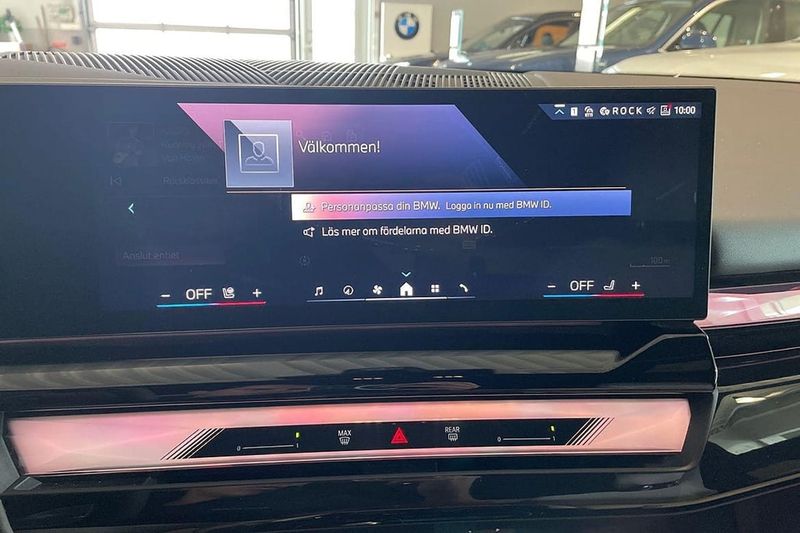 BMW 530 bild 13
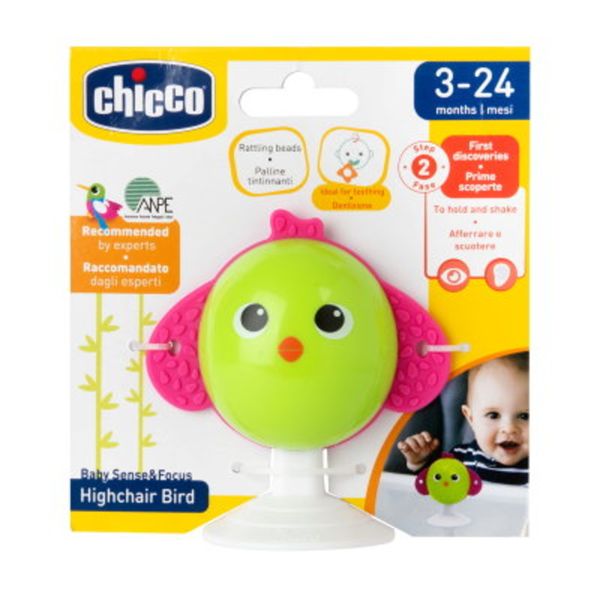 Amici seggiolone - gioco assortito - Chicco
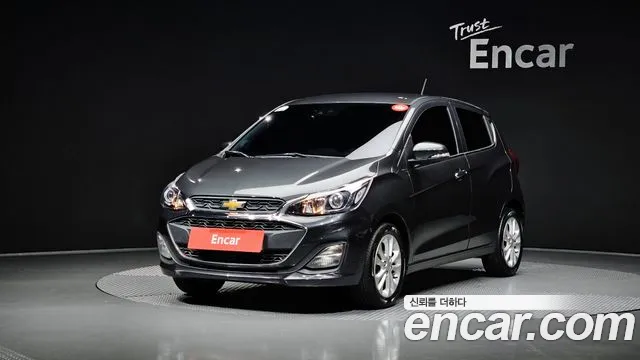 Chevrolet Spark Premier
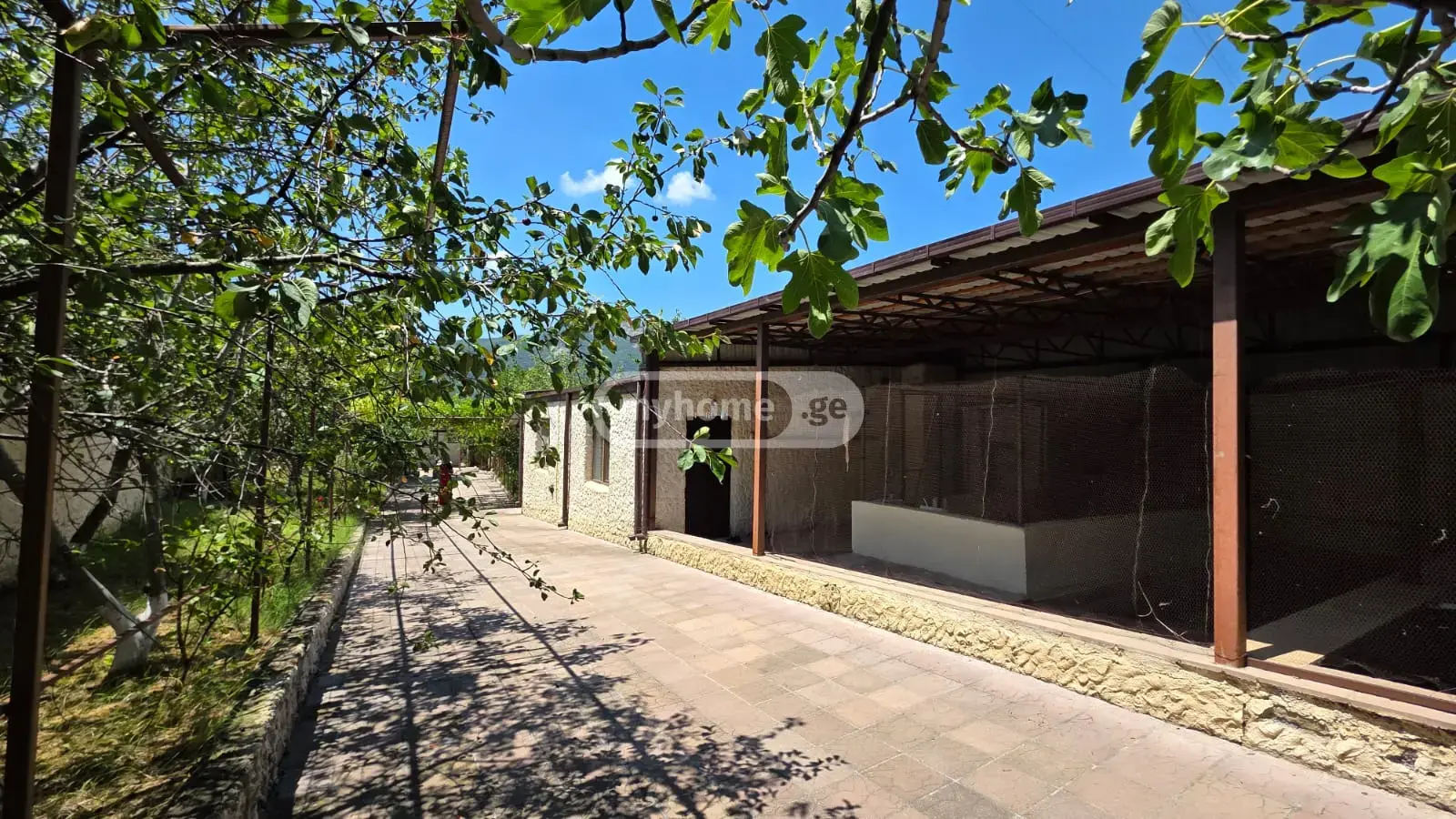 10+ Room Hotel For Sale In Tsitsamuri, In Mtskheta Municipality view 6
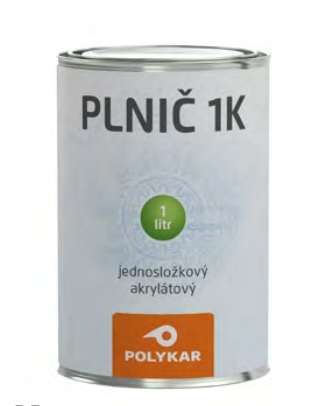 PolyKar Plnič 1K 1 PolyKar Plnič 1K 1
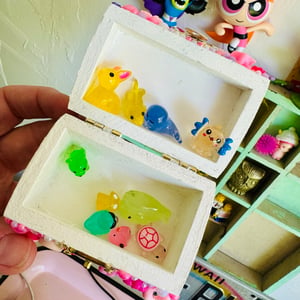 Image of 🎀🧸 TINY TREASURES  🦋✨ Workshop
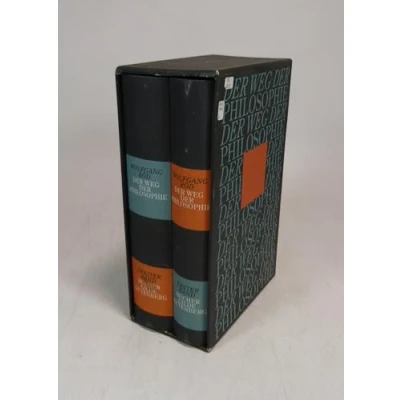 Abbildung von der Weg Philosophie, in 2 Bdn., Bd.1, Altertum, Mittelalter, Renaissance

Work instructions = Each line from the one that holds "10+ Room Hotel" through the end of the material should be repeated exactly, and nothing more. Leave out any picture.

Exercise response =
 10+ Room Hotel For Sale In Tsitsamuri, In Mtskheta Municipality view 6
 PolyKar Plnič 1K 1 PolyKar Plnič 1K 1
 Image of 🎀🧸 TINY TREASURES  🦋✨ Workshop
 Abbildung von der Weg Philosophie, in 2 Bdn., Bd.1, Altertum, Mittelalter, Renaissance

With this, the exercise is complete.